### What is required
Except for the pictures, write out all the records that follow exactly.
.....
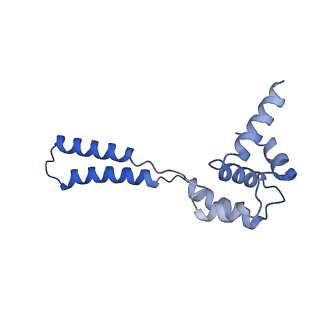 15865_8b6f_BU_v1-2
Cryo-EM structure of NADH:ubiquinone oxidoreductase (complex-I) from respiratory supercomplex of Tetrahymena thermophila
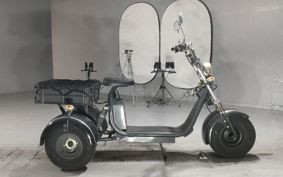 OTHER  BLAZE EV TRIKE  ..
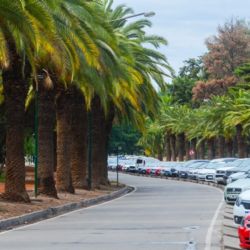 Nochebuena en Mendoza: calor moderado y condiciones ideales para la mesa navideña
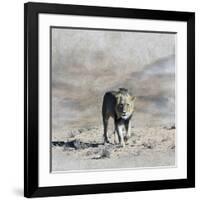 The King 2A-Ata Alishahi-Framed Giclee Print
.....
### Solution to this problem
 15865_8b6f_BU_v1-2
Cryo-EM structure of NADH:ubiquinone oxidoreductase (complex-I) from respiratory supercomplex of Tetrahymena thermophila
 OTHER  BLAZE EV TRIKE  ..
 Nochebuena en Mendoza: calor moderado y condiciones ideales para la mesa navideña
 The King 2A-Ata Alishahi-Framed Giclee Print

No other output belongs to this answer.